Web3
Web3 is the next generation of the internet. It’s associated with cryptocurrencies and NFTs (cryptographically unique digital objects), and built with blockchain-based computer networks. Together, these tools allow networks to store and transfer data and value in a so-called ‘decentralised’ way - i.e. with reduced need for centralised bureaucracies.
Blockchain is unique among digital systems in its ability to automate the management of both data and financial exchanges. This unique combination makes it possible to design systems that facilitate and incentivise cooperation among transnational networks. In that sense, it’s a networking system that could be used to increase individual agency and to help address the harms and inequities of the current ‘Web2’ model based on corporate exploitation and surveillance capitalism. But as with any technology, it can only do these things if it’s developed in an inclusive, equitable way that respects the needs of all those affected by its use.
In that regard, our existing government and corporate systems, including the internet in its current structure, are failing us catastrophically, driving humanity off a cliff of climate collapse, nationalist militarism, and ecological vandalism.

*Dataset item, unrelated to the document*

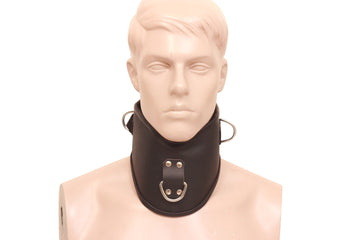 Genuine Leather Bondage Posture Collar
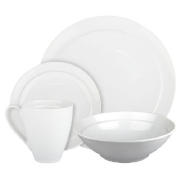 Unbranded White by Denby Coupe 16 piece boxed Dinner set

We urgently need to transform our social norms, politics, and institutions towards more just and equitable goals and a greater distribution of power. While new technologies will not do those things for us, they are tools that can be harnessed in that direction. But doing that depends on first developing an equitable consensus among humans.
All new technologies bring significant risks and ruptures, whether from technical or human failure, or hype, speculation, and fraud. Blockchain and Web3 are no exception, as the crimes of executives at firms like FTX and Terraform Labs showed in 2022-23. But while it is important to be mindful of the legitimate concerns and risks associated with blockchain systems, we cannot afford to let them obscure the technology’s potential to support urgently needed social and political innovation.
Just as we couldn’t imagine the bicycle before the wheel was invented, blockchain makes it possible to imagine institutional designs and governance mechanisms that were literally unimaginable before, because the technology needed to imagine them didn’t exist. Web3 technologies and mechanisms deserve greater consideration as potentially transformative governance tools from the local to the global levels.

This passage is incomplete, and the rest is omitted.